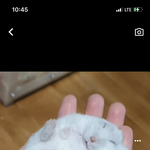 [드루와] <b>이분</b> 판녀임?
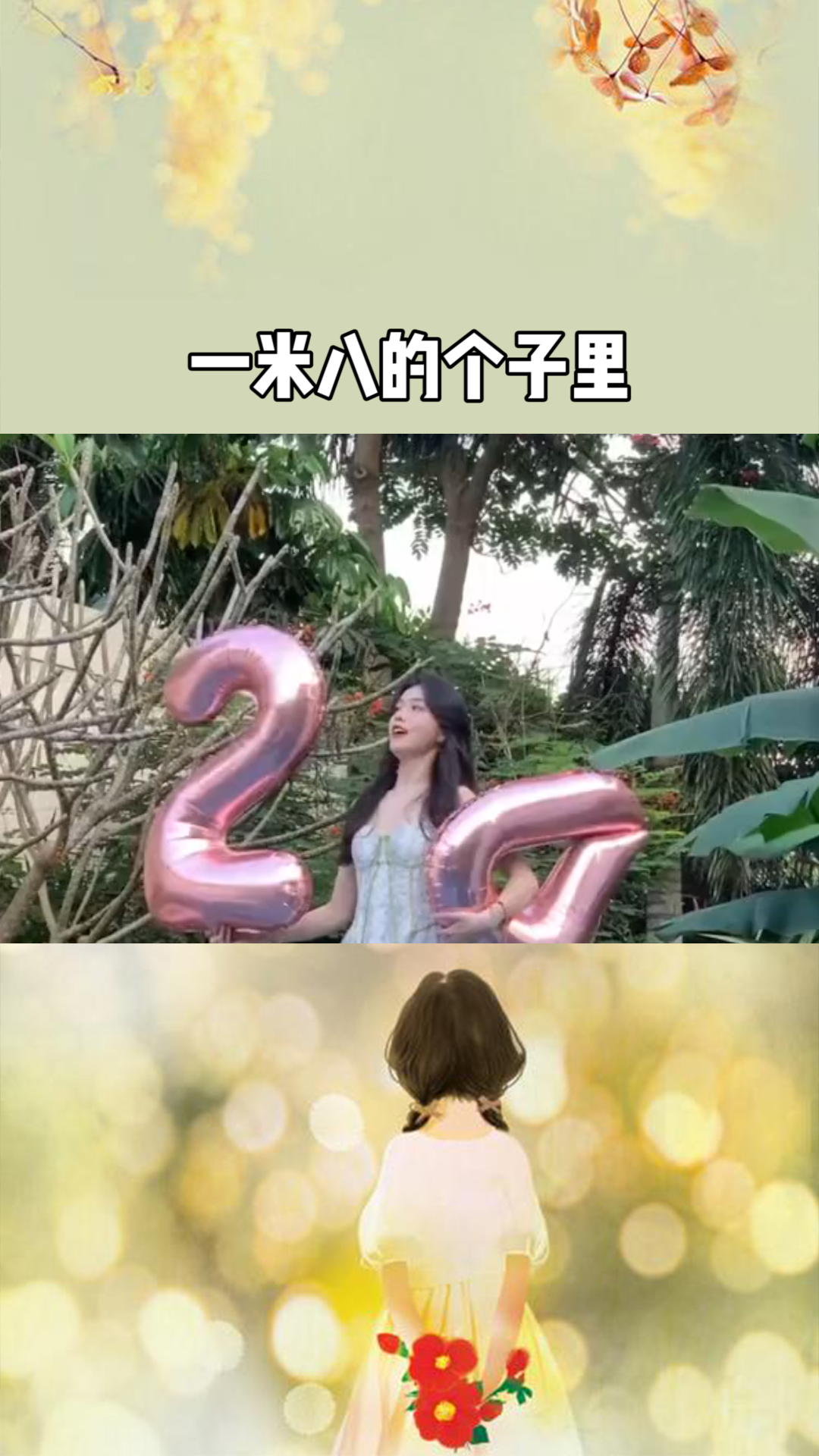 探尋奇幻世界的冒險(xiǎn)與奧秘，公主一米八最新章節(jié)
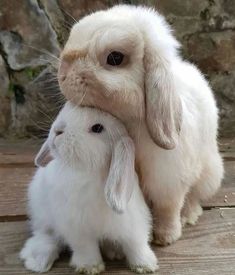 two white rabbits sitting next to each other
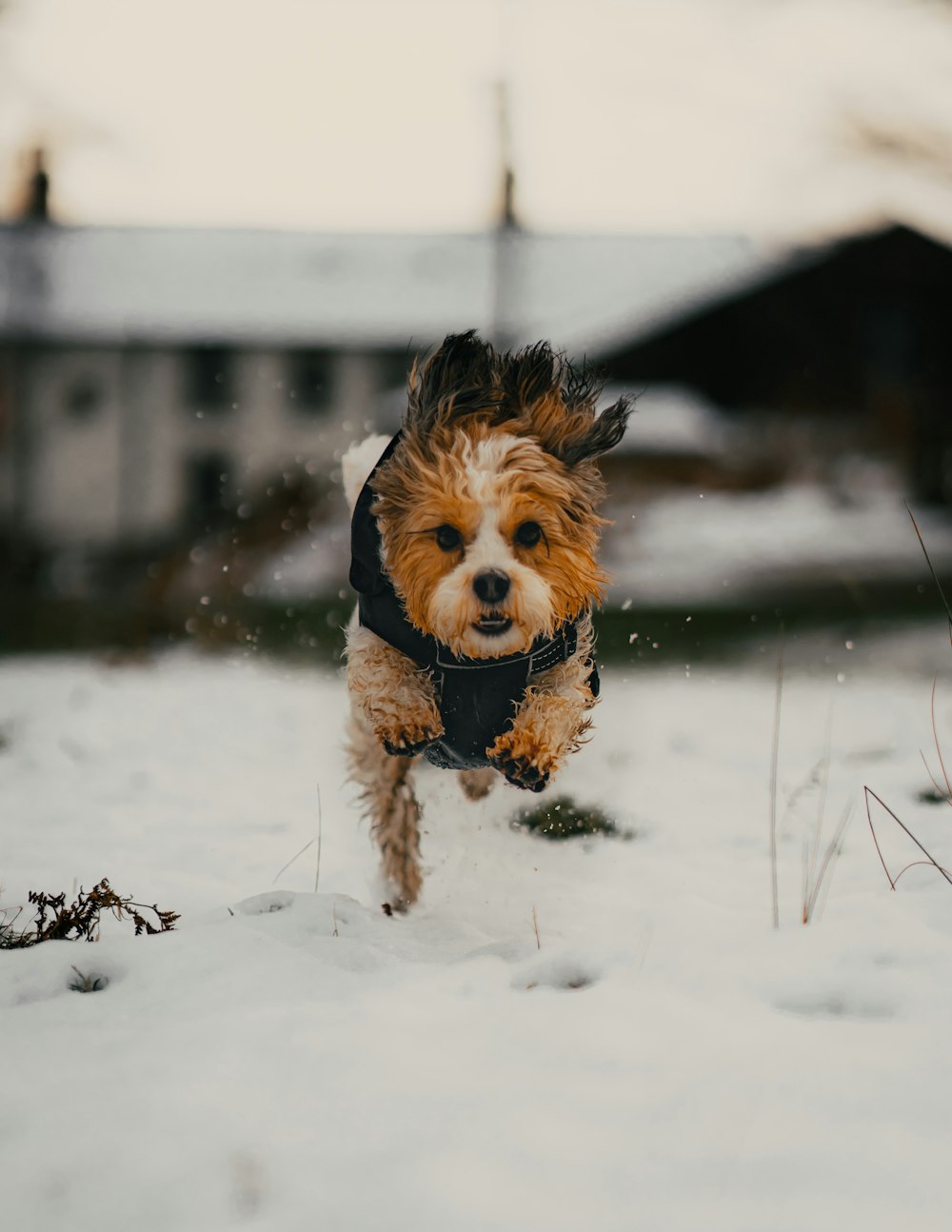 brown and black yorkshire terrier puppy running on snow covered ground during daytime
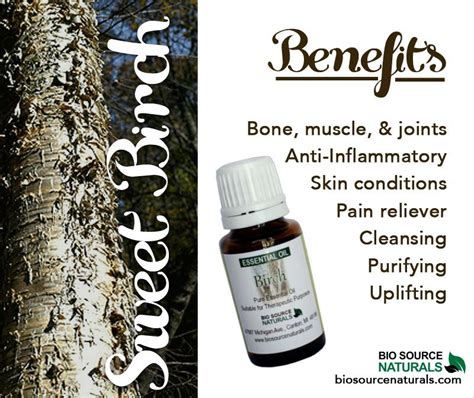 Store Bio Source Naturals Healing Oils Birch Essential Oil Herbal Oil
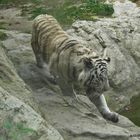 (187) weisser tiger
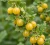 agrest-hinnonmaki-gelb3-floravi.pl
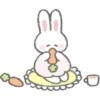 ️dressed rabbit   MOV 18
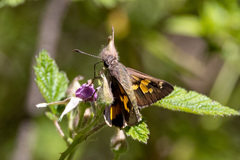 Trapezites phigalioides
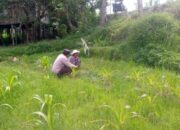 LOMBOK BARAT, NTB – Dalam upaya mewujudkan ketahanan pangan yang kuat di tingkat desa, Bhabinkamtibmas Desa Jagaraga, Aiptu I Gede Dodit, melaksanakan kunjungan silaturahmi ke Dusun Dasan Geres Pande, Kecamatan Kuripan, Lombok Barat. Kunjungan pada Minggu, 21 September 2025 ini bertujuan untuk mensosialisasikan pentingnya program ketahanan pangan kepada warga binaan, khususnya Bapak Nasri, dengan fokus pada pemanfaatan lahan produktif. Kegiatan yang dimulai pukul 11.00 WITA ini disambut baik oleh Bapak Nasri dan warga setempat. Aiptu Gede Dodit berinteraksi langsung dan memberikan edukasi tentang cara-cara efektif mengoptimalkan lahan yang mereka miliki, baik pekarangan rumah maupun lahan kosong, untuk ditanami tanaman pangan, beternak, atau budidaya perikanan. Inisiatif ini merupakan bagian dari komitmen Polri dalam mendukung program pemerintah untuk memperkuat fondasi ekonomi masyarakat, khususnya di sektor pertanian. Mendorong Produktivitas Lahan Melalui Tanaman Jagung Dalam kunjungannya, Aiptu Gede Dodit secara spesifik mengajak Bapak Nasri untuk menanam jagung di lahannya yang berlokasi di RT. 01 Dusun Dasan Geres Pande. Jagung dipilih karena merupakan salah satu komoditas pangan pokok yang memiliki nilai ekonomis tinggi dan relatif mudah dibudidayakan. Aiptu Gede Dodit menekankan bahwa pemanfaatan lahan untuk menanam jagung tidak hanya akan memenuhi kebutuhan pangan keluarga, tetapi juga dapat meningkatkan pendapatan jika hasilnya melimpah. “Kami datang ke sini untuk mengajak Bapak Nasri dan warga lainnya agar tidak menyia-nyiakan lahan yang ada. Dengan menanam jagung, misalnya, kita bisa berkontribusi langsung pada ketahanan pangan keluarga dan bahkan desa,” ujar Aiptu I Gede Dodit. Ia menambahkan bahwa upaya ini sejalan dengan program pemerintah pusat dalam menghadapi tantangan pangan global. Warga Antusias Dukung Program Ketahanan Pangan Respons positif datang dari warga binaan, Bapak Nasri, yang menyatakan kesiapannya untuk mendukung program ini. Menurutnya, inisiatif dari Bhabinkamtibmas ini sangat membantu masyarakat dalam melihat potensi lahan yang selama ini mungkin belum tergarap optimal. “Saya sangat berterima kasih atas kunjungan Bapak Bhabinkamtibmas. Kami siap mendukung program ini. Selama ini lahan memang ada, tapi kami belum tahu harus mulai dari mana. Dengan arahan ini, kami jadi lebih termotivasi,” ungkap Bapak Nasri. Ia berharap, kegiatan serupa dapat terus dilakukan untuk memberikan pendampingan dan motivasi kepada petani lainnya. Polisi Hadir untuk Masyarakat Kapolsek Kuripan, Ipda I Wayan Eka Ariyana, S.H., menjelaskan bahwa kegiatan yang dilakukan oleh Bhabinkamtibmas Aiptu I Gede Dodit merupakan wujud nyata dari peran Polri sebagai pengayom, pelindung, dan pelayan masyarakat. Ia menegaskan bahwa tugas polisi tidak hanya terbatas pada penegakan hukum, tetapi juga mencakup pembinaan masyarakat di berbagai sektor. “Kunjungan Bhabinkamtibmas ke warga binaan adalah salah satu cara kami menjalin komunikasi dan silaturahmi yang erat. Kami ingin memastikan masyarakat merasa dekat dengan kami dan tahu bahwa kami selalu siap membantu, termasuk dalam hal peningkatan kesejahteraan melalui program ketahanan pangan,” kata Ipda I Wayan Eka Ariyana. Menguatkan Fondasi Ekonomi Desa Hasil dari kegiatan ini tidak hanya terwujud dalam bentuk kesepakatan dan dukungan, tetapi juga dalam terjalinnya hubungan silaturahmi dan komunikasi yang lebih baik antara pihak kepolisian dan masyarakat. Melalui pendekatan humanis ini, program pemerintah terkait ketahanan pangan dapat tersampaikan dengan lebih efektif dan diterima dengan tangan terbuka oleh warga. Upaya kolaboratif antara aparat dan masyarakat menjadi kunci utama dalam membangun desa yang mandiri dan memiliki ketahanan ekonomi yang kuat. Dengan semakin banyaknya lahan produktif yang dimanfaatkan, diharapkan kesejahteraan petani di Lombok Barat akan meningkat, dan pasokan pangan lokal akan lebih terjamin.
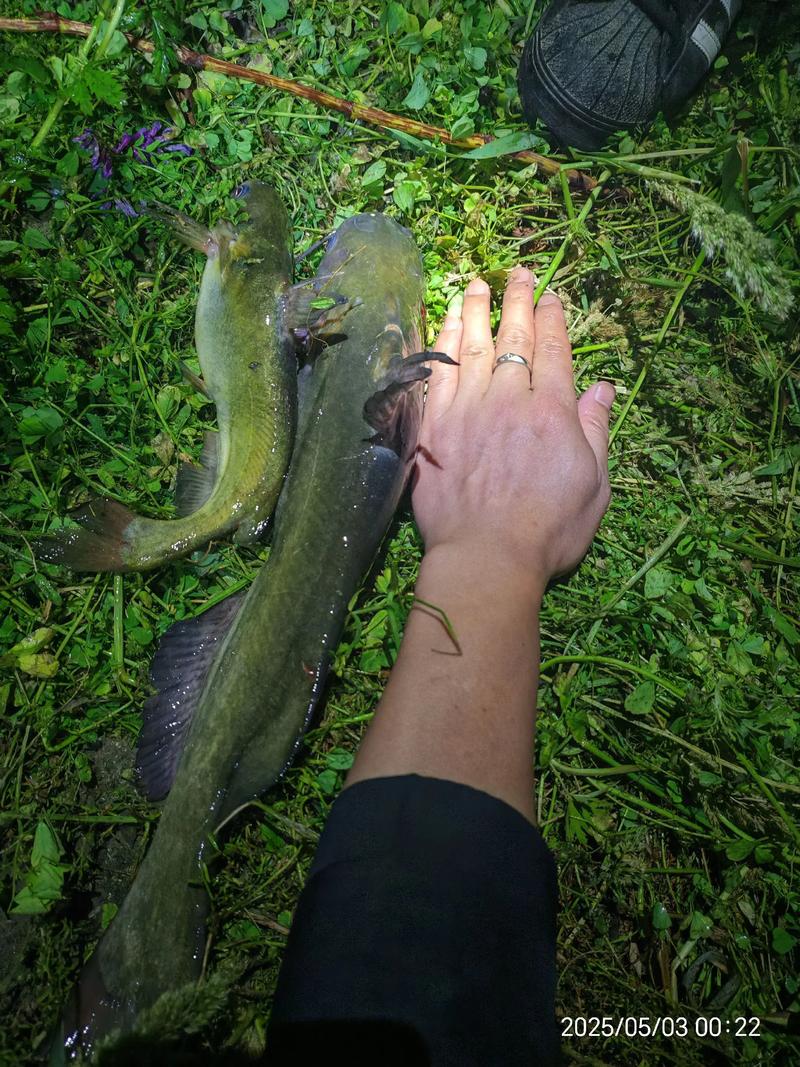 黃河混濁水質釣黃辣丁_巨型黃辣丁釣法_野釣黃河大鯉魚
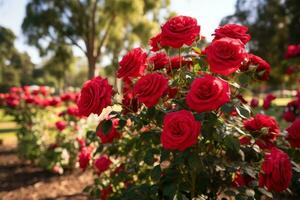 Beautiful display of a Rose garden photo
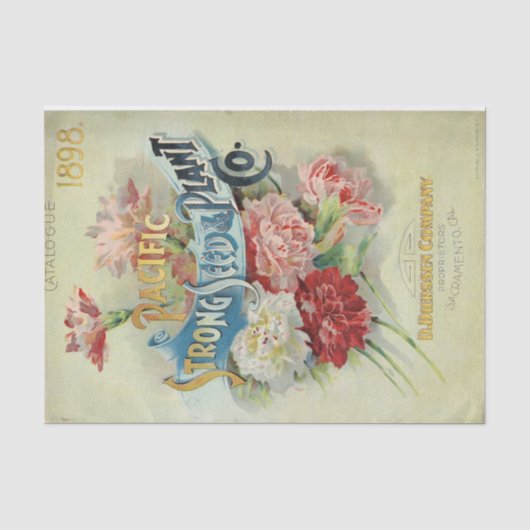 Pacific Strong Seed & Plant 1898ヴィンテージカタログ 薄葉紙 (正面)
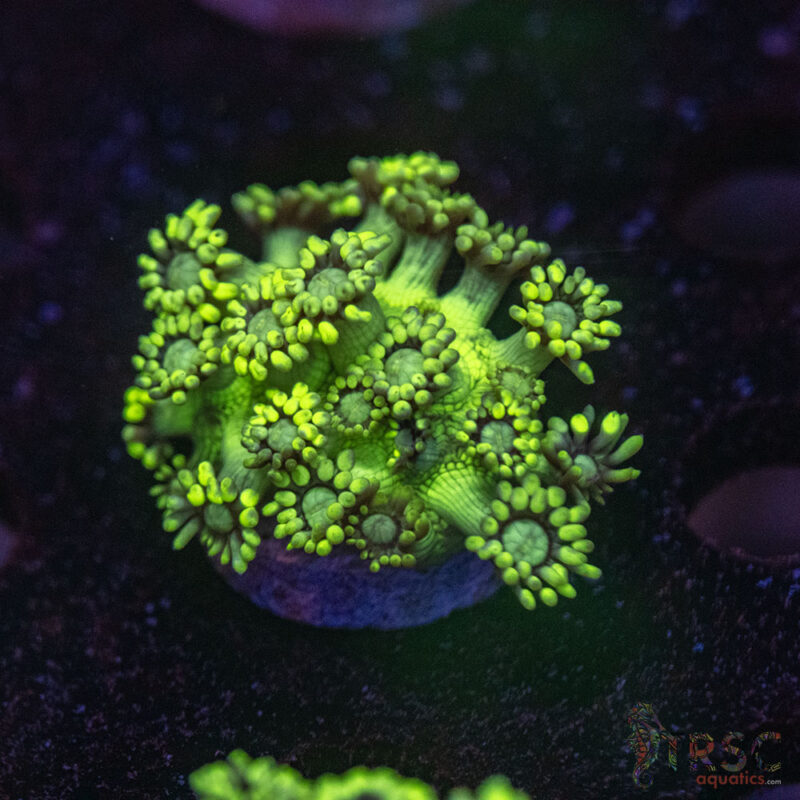 TRSC Aquatics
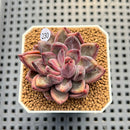 Echeveria 'Scone' 2" Succulent Plant Cutting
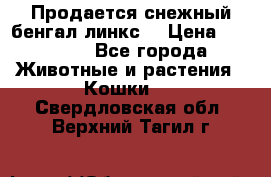 Продается снежный бенгал(линкс) › Цена ­ 25 000 - Все города Животные и растения » Кошки   . Свердловская обл.,Верхний Тагил г.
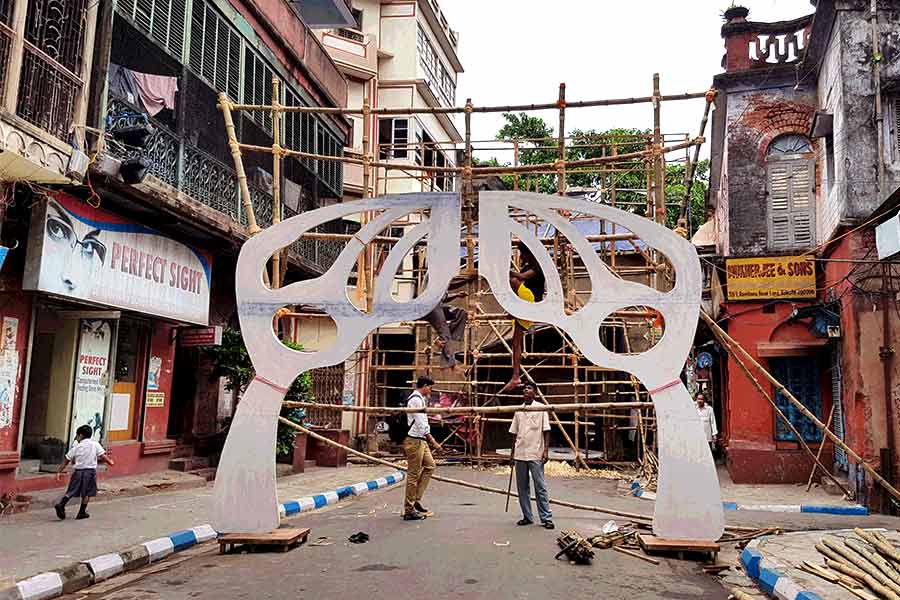 Some interesting characters of Kolkata Durga Puja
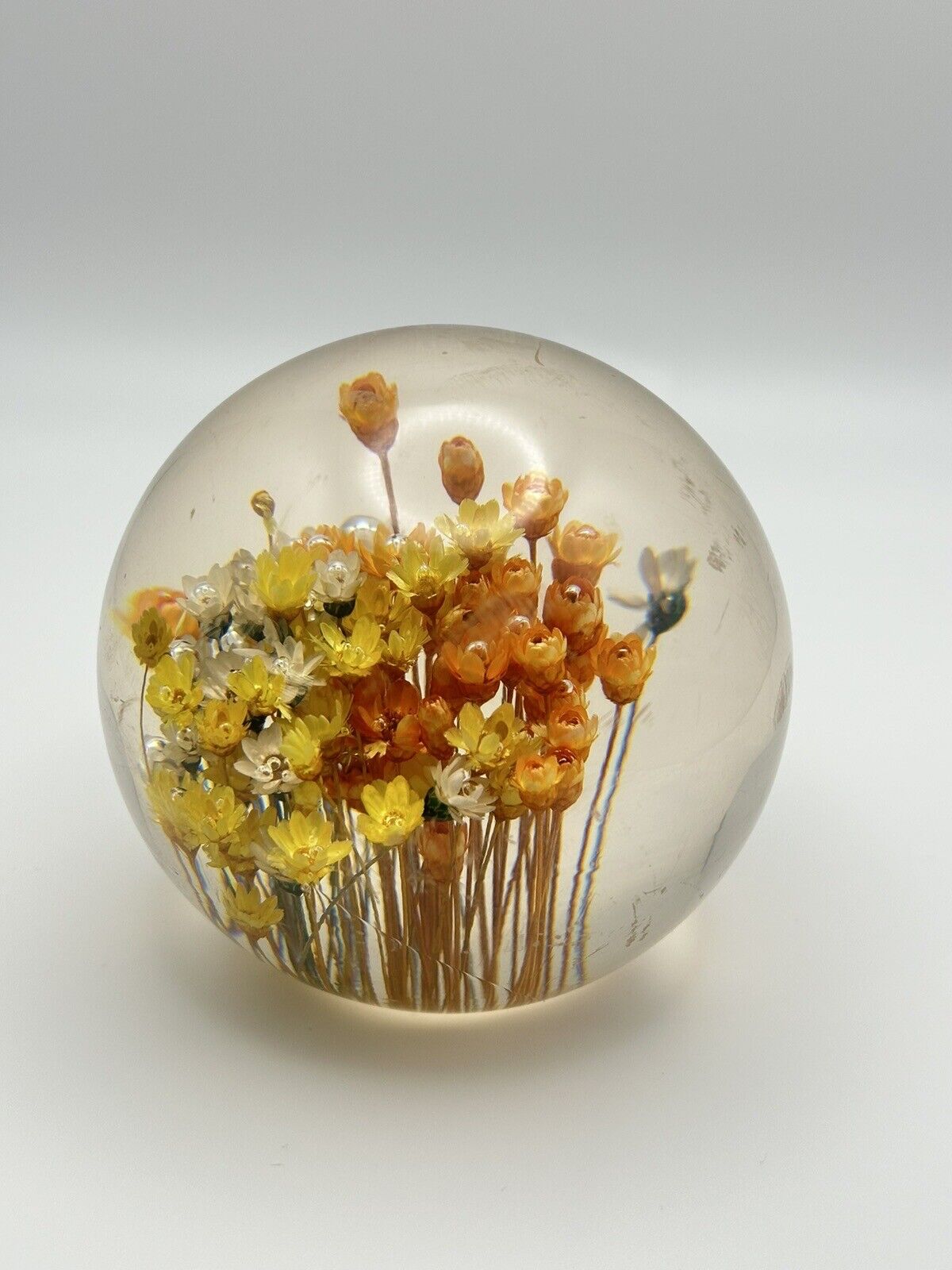 VTg 1960s MCM Lucite Acrylic Art Orb Ball Dry Flowers Paperweight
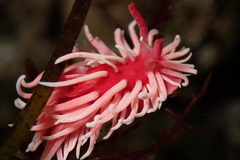 Okenia rosacea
____
▶ [Work order]
What is needed is a word-for-word restatement of the lines from the one holding "TRSC Aquatics" to the final line of the data above, inclusive, without any pictures.

▶ [Reply to the task]
 TRSC Aquatics
 Echeveria 'Scone' 2" Succulent Plant Cutting
 Продается снежный бенгал(линкс) › Цена ­ 25 000 - Все города Животные и растения » Кошки   . Свердловская обл.,Верхний Тагил г.
 Some interesting characters of Kolkata Durga Puja
 VTg 1960s MCM Lucite Acrylic Art Orb Ball Dry Flowers Paperweight
 Okenia rosacea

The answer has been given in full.